Task brief →
Would you print the listing that follows exactly, but without its pictures?

Data →
════════════════════
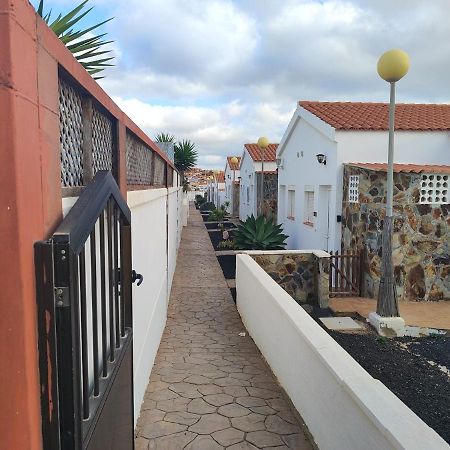 Casa Yanira Villa Caleta De Fuste Exteriör bild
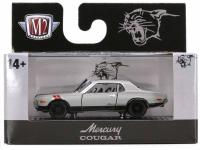 1968 MERCURY COUGER 390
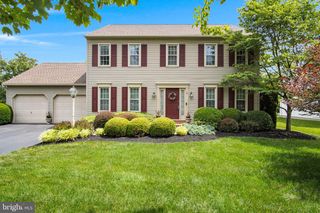 2231 RALEIGH RD, Hummelstown, PA 17036
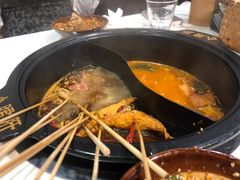 -小郡肝火锅串串香(万达总店)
════════════════════
Output below →
 Casa Yanira Villa Caleta De Fuste Exteriör bild
 1968 MERCURY COUGER 390
 2231 RALEIGH RD, Hummelstown, PA 17036
 -小郡肝火锅串串香(万达总店)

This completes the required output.